**Extracted material:**
▬▬▬▬▬▬▬▬▬▬

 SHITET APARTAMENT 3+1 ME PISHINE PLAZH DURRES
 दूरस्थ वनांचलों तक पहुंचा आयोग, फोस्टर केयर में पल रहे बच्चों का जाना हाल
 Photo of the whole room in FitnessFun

▬▬▬▬▬▬▬▬▬▬

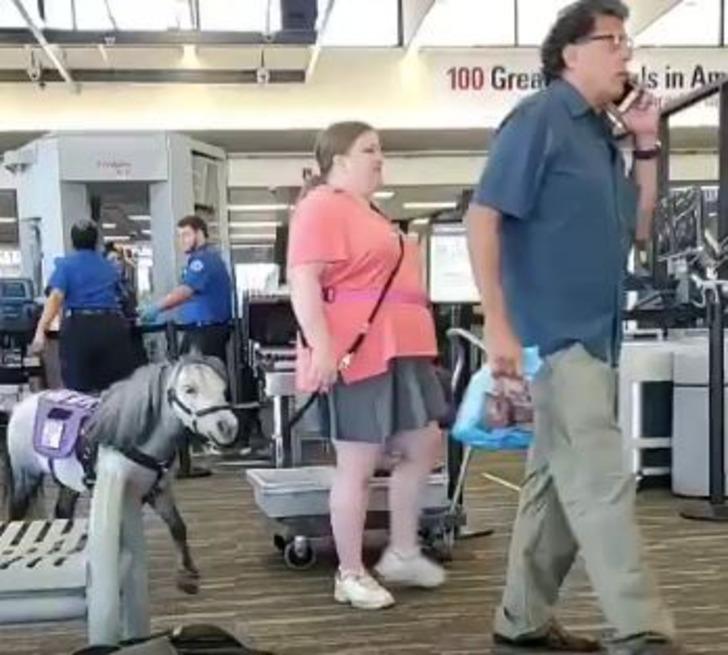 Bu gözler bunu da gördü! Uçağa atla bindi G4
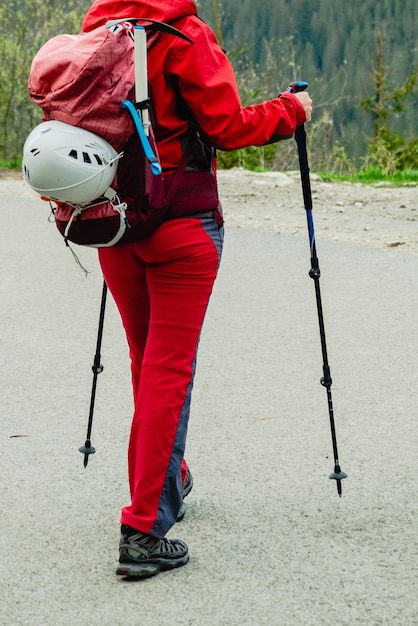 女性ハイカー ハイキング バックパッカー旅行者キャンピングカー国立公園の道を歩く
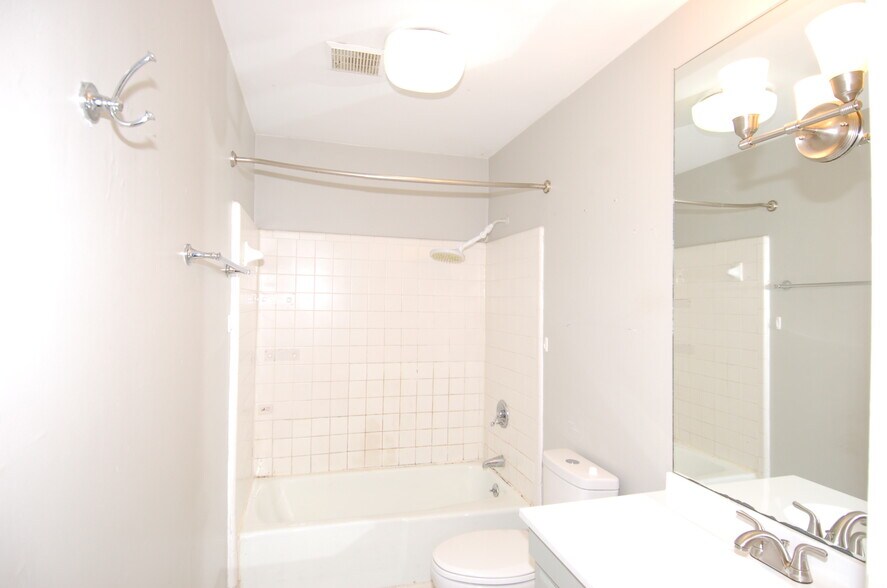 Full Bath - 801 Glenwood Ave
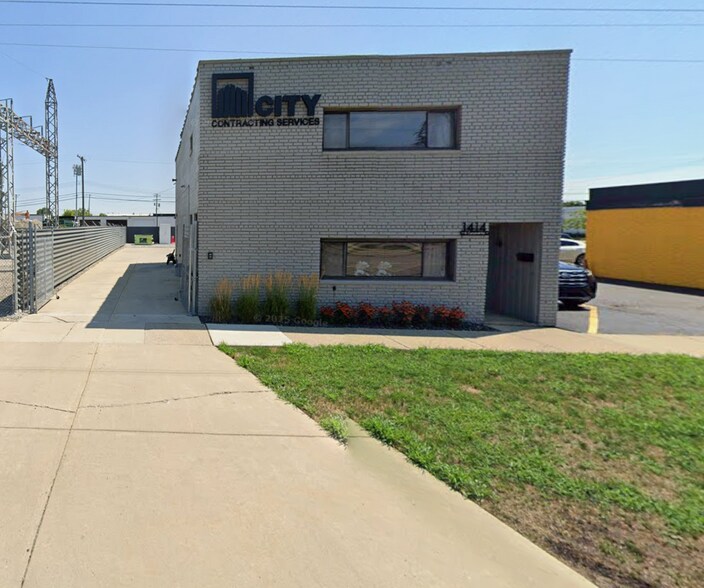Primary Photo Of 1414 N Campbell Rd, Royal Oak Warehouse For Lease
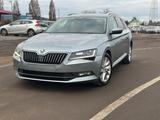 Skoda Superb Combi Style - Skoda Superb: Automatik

▬▬▬▬▬▬▬▬▬▬

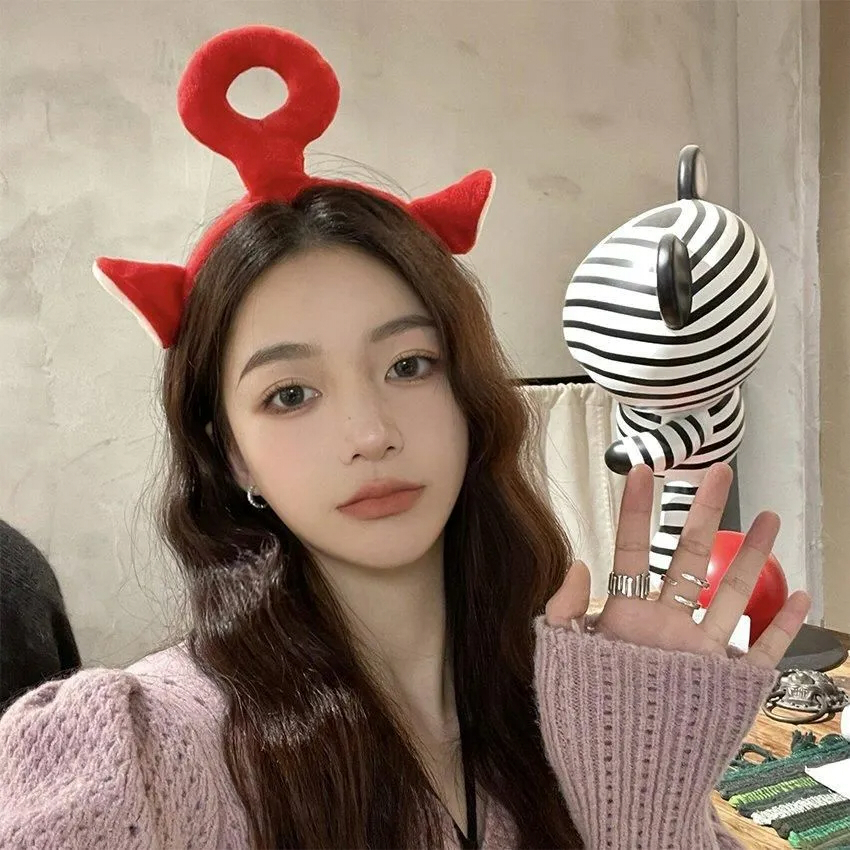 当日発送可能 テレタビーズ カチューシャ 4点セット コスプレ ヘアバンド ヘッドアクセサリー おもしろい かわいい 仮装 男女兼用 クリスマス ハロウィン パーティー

▬▬▬▬▬▬▬▬▬▬

**Your task:** The line above containing "दूरस्थ वनांचलों तक", the line containing "Photo of the whole room in FitnessFun", and every line between them are to be transcribed exactly; no other line is wanted.

**Response box:**
 दूरस्थ वनांचलों तक पहुंचा आयोग, फोस्टर केयर में पल रहे बच्चों का जाना हाल
 Photo of the whole room in FitnessFun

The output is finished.